● THE TASK:
Only the lines from the one containing "Wireframe van receiving" through the one containing "Jungle floral frame, template" should be printed, exactly as they appear below, with both ends included.

● LISTED ENTRIES:
►
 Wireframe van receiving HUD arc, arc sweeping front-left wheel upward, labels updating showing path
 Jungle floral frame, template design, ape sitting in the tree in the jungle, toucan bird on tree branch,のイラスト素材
◄
►
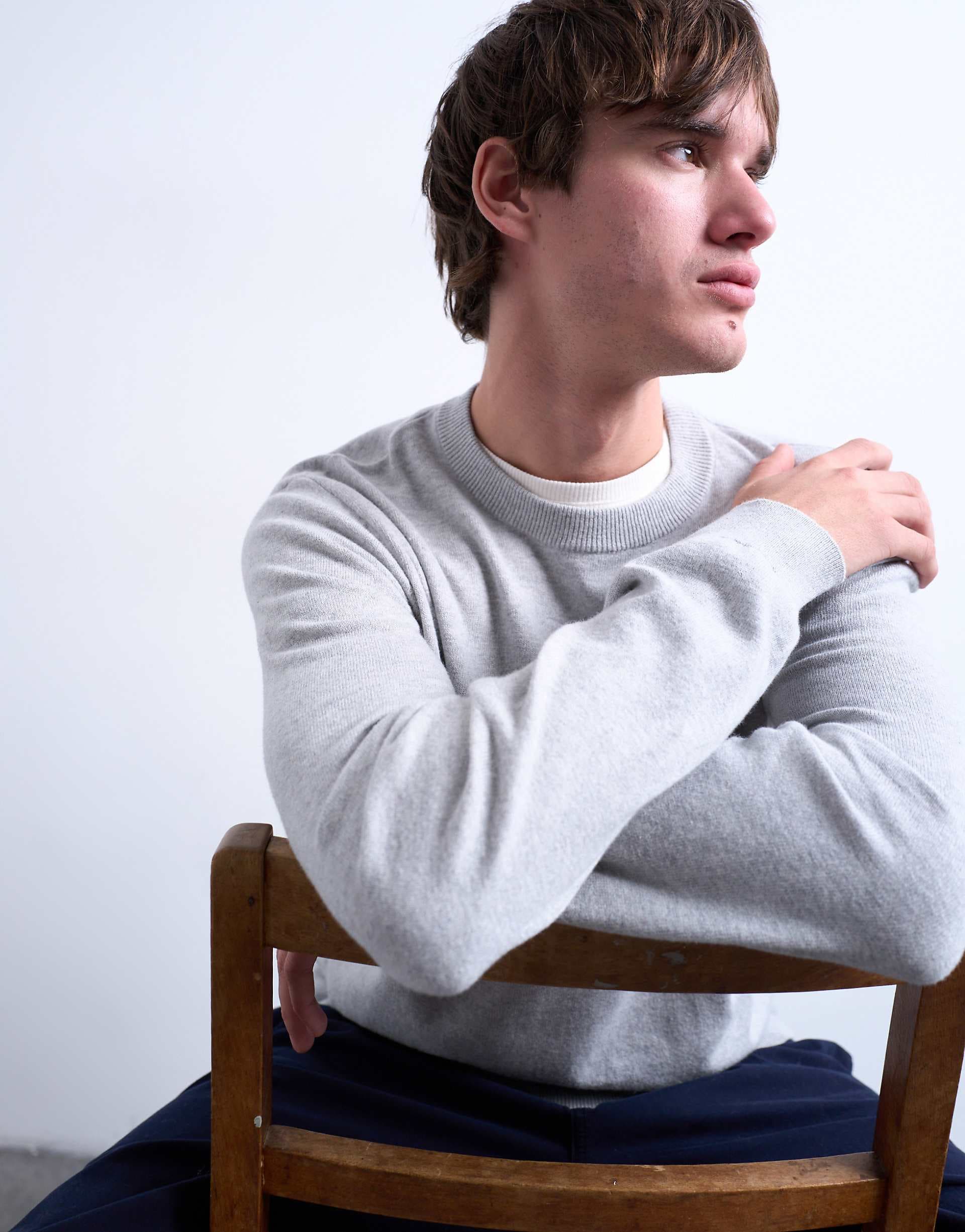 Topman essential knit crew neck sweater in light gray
◄
● WRITTEN ANSWER:
 Wireframe van receiving HUD arc, arc sweeping front-left wheel upward, labels updating showing path
 Jungle floral frame, template design, ape sitting in the tree in the jungle, toucan bird on tree branch,のイラスト素材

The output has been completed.